Think of it as “Bonnie and Clyde” meets “Call Me By Your Name.”

But again, this film is based off of a real-life pair of crime partners.

“One of my best friends got to interview the real Carlitos in prison,” Luis Ortega told Remezcla. “He ended up writing a wonderful book about his life, and I fell in love with the idea of completely rewriting this story and making it my own.”

Ortega loved the idea of a crime film about a wolf in sheep’s clothing.

“I was intrigued by what our idea of a criminal is. That the profile of a criminal is of an ugly, black, big-nosed, big-eared man, so when this cute mamma’s boy turns up people realized that there can be killers among us, and they can be good looking.”

As for the gay romance found in the film, it is slightly fictionalized as news sources never fully explored the idea when the real Carlitos was at his height of crime.

Lorenzo Ferro as Carlitos (left) and the real Carlitos Robledo (right) / Images via The Orchards and Gamba.FM

That said, Rodolfo Palacios’ book does leave the implication up to the readers, and Ortega chose to go with it.

“I took it as him being in love with his friend and partner in crime, and wanted to center the film on the love story more than the crime story.”

But did Ortega create a trope in making a villainous LGBTQ character where a real life person’s sexuality was still up-in-the-air?

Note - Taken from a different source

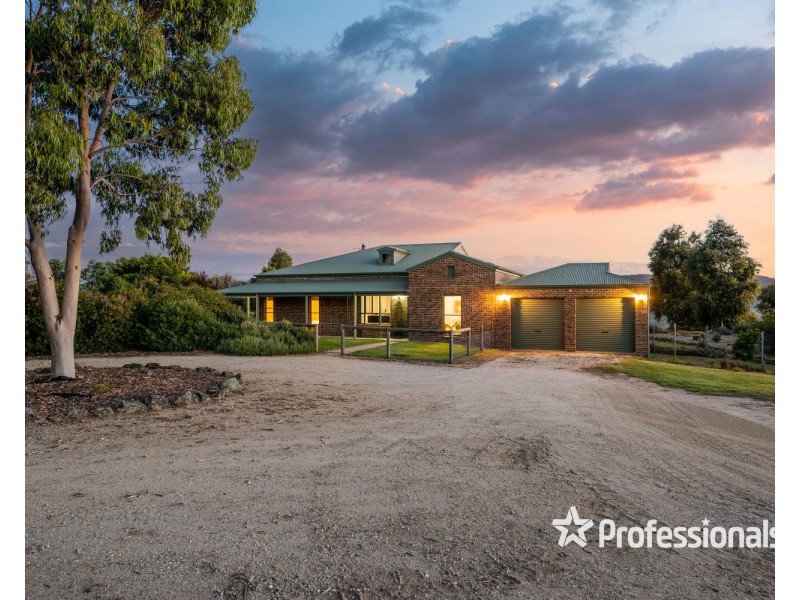 330 Ennis Road, Leneva VIC 3691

Or perhaps, Ortega didn’t go too far. The real Calitos and Ramon were not only (allegedly) in love with each other, but were known to show interest in women to a violent extent. Not only did the duo steal and kill, but they also raped three women and shot a newborn baby. But to Ortega, this was too much to put into the film.

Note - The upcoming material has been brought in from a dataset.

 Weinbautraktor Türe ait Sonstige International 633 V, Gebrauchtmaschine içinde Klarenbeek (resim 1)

“I don’t like going to the movies to see people raping women, shooting them in the face. I wanted to adapt it to my world, my teenager experience, and add a little Bonnie and Clyde.”

Despite any misgivings and about artistic license, this film has received a favorable response from critics. It has even been chosen as Argentina’s submission for the “Best Foreign Language Film” category at the 91st Academy Awards in 2019.

So, is El Angel worth the watch? Does it’s twisted main characters depicted in a lighter tone make for a compelling movie? We’ll have to see as El Angel will premiere in select US theaters on November 9.